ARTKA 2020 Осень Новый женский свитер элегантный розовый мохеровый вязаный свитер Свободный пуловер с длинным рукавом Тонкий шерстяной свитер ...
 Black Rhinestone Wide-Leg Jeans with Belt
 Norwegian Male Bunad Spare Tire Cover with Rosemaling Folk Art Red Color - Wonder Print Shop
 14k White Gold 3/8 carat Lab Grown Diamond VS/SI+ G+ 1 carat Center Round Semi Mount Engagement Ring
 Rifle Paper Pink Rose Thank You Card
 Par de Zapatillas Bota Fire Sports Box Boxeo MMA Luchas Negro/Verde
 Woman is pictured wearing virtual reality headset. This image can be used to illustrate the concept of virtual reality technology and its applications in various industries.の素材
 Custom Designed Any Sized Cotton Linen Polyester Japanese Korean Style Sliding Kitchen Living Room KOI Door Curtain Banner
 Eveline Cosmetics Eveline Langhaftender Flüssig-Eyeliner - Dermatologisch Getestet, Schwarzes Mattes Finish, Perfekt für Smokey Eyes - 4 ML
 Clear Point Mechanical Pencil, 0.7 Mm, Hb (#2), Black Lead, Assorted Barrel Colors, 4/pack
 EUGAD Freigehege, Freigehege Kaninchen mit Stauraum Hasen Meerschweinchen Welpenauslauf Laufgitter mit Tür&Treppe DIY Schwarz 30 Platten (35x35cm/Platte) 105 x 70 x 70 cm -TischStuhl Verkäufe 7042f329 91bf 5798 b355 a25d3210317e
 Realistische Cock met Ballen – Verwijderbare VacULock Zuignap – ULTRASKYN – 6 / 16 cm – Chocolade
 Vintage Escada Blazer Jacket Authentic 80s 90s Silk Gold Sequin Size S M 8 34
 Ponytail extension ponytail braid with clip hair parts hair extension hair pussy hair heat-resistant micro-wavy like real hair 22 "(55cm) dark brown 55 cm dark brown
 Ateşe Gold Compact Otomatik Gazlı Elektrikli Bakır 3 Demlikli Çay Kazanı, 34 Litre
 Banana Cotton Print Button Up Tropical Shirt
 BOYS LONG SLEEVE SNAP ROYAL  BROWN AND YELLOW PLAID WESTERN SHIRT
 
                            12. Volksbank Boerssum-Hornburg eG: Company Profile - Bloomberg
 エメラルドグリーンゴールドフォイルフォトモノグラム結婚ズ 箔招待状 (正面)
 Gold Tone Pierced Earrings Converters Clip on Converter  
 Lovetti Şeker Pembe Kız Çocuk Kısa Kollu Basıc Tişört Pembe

**What the task requires**
Reproduce the material. Keep every word as written.

**Answer to this exercise**
ARTKA 2020 Осень Новый женский свитер элегантный розовый мохеровый вязаный свитер Свободный пуловер с длинным рукавом Тонкий шерстяной свитер ...
 Black Rhinestone Wide-Leg Jeans with Belt
 Norwegian Male Bunad Spare Tire Cover with Rosemaling Folk Art Red Color - Wonder Print Shop
 14k White Gold 3/8 carat Lab Grown Diamond VS/SI+ G+ 1 carat Center Round Semi Mount Engagement Ring
 Rifle Paper Pink Rose Thank You Card
 Par de Zapatillas Bota Fire Sports Box Boxeo MMA Luchas Negro/Verde
 Woman is pictured wearing virtual reality headset. This image can be used to illustrate the concept of virtual reality technology and its applications in various industries.の素材
 Custom Designed Any Sized Cotton Linen Polyester Japanese Korean Style Sliding Kitchen Living Room KOI Door Curtain Banner
 Eveline Cosmetics Eveline Langhaftender Flüssig-Eyeliner - Dermatologisch Getestet, Schwarzes Mattes Finish, Perfekt für Smokey Eyes - 4 ML
 Clear Point Mechanical Pencil, 0.7 Mm, Hb (#2), Black Lead, Assorted Barrel Colors, 4/pack
 EUGAD Freigehege, Freigehege Kaninchen mit Stauraum Hasen Meerschweinchen Welpenauslauf Laufgitter mit Tür&Treppe DIY Schwarz 30 Platten (35x35cm/Platte) 105 x 70 x 70 cm -TischStuhl Verkäufe 7042f329 91bf 5798 b355 a25d3210317e
 Realistische Cock met Ballen – Verwijderbare VacULock Zuignap – ULTRASKYN – 6 / 16 cm – Chocolade
 Vintage Escada Blazer Jacket Authentic 80s 90s Silk Gold Sequin Size S M 8 34
 Ponytail extension ponytail braid with clip hair parts hair extension hair pussy hair heat-resistant micro-wavy like real hair 22 "(55cm) dark brown 55 cm dark brown
 Ateşe Gold Compact Otomatik Gazlı Elektrikli Bakır 3 Demlikli Çay Kazanı, 34 Litre
 Banana Cotton Print Button Up Tropical Shirt
 BOYS LONG SLEEVE SNAP ROYAL  BROWN AND YELLOW PLAID WESTERN SHIRT
 
                            12. Volksbank Boerssum-Hornburg eG: Company Profile - Bloomberg
 エメラルドグリーンゴールドフォイルフォトモノグラム結婚ズ 箔招待状 (正面)
 Gold Tone Pierced Earrings Converters Clip on Converter  
 Lovetti Şeker Pembe Kız Çocuk Kısa Kollu Basıc Tişört Pembe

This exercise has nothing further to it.